Feb. 14 (Bloomberg) -- Usinas Siderurgicas de Minas Gerais SA, Brazil’s second-largest steelmaker by output, led losses on the Ibovespa after its quarterly earnings report showed sales missed estimates and debt costs surged as the real weakened.
Shares of Usiminas, as the company is known, dropped 4.1 percent to 11.54 reais at the close of trading in Sao Paulo, the lowest since Oct. 29. The Ibovespa rose 0.8 percent.
Net financial expenses totaled 265.2 million reais ($111.2 million) in the fourth quarter, compared with 117.6 million in the prior three months, as the currency tumbled 6.1 percent, according to a regulatory filing today. Sales were 3.19 billion reais, trailing the average estimate of 3.27 billion reais from eight analysts surveyed by Bloomberg.
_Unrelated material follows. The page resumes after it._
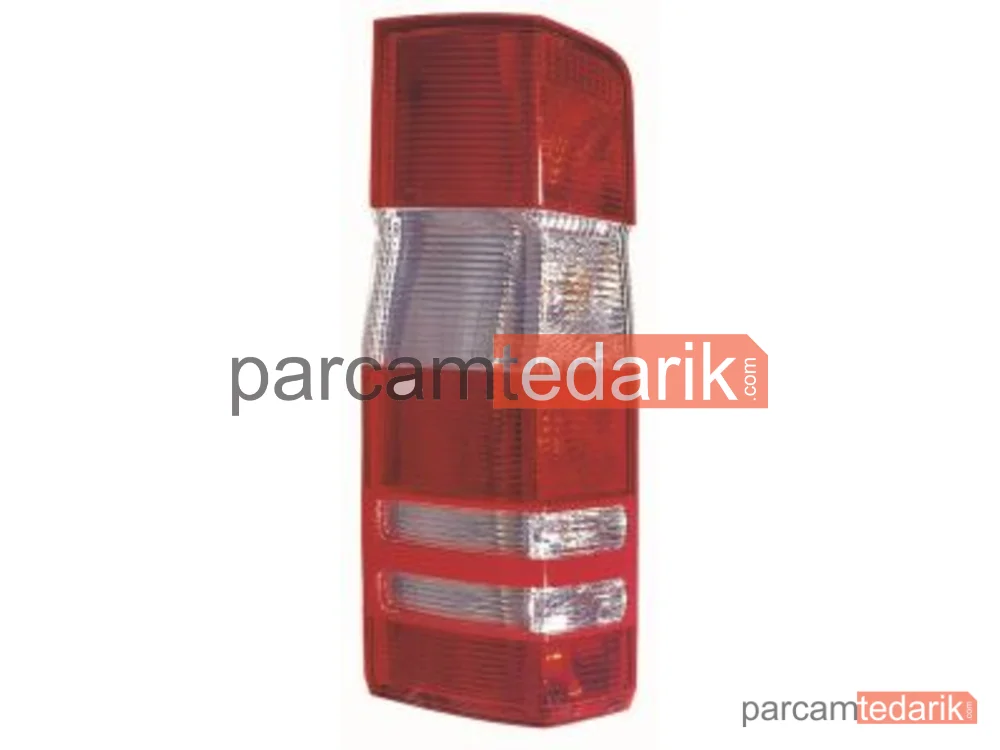 Stop Lambası — Mercedes-Benz Sprinter 3,5-t Panelvan/Van, Mercedes-Benz Sprinter 3,5-t Platform şasi, Mercedes-Benz Sprinter 3-t Panelvan/Van - 4401939LUE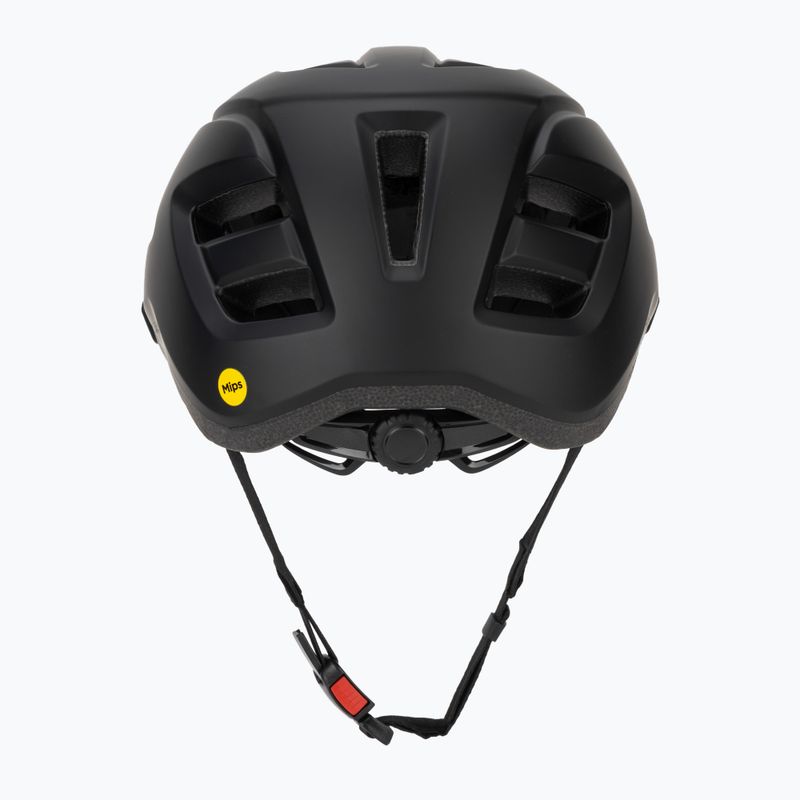 Bike helmet Giro Fixture II MIPS XL matte black/grey 4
Investors are concerned “given expectations of further currency depreciation,” Andreas Bokkenheuser, an equity analyst at UBS AG with a sell recommendation on the stock, said today in an e-mail message. Thirty-four percent of Usiminas’s 6.9 billion reais of gross debt as of Dec. 31 was denominated in foreign currencies, according to today’s filing.
The real has lost 18 percent in the past year, the most after the South African rand among major currencies. Usiminas got 94 percent of its revenue from Brazil in the third quarter, data compiled by Bloomberg show.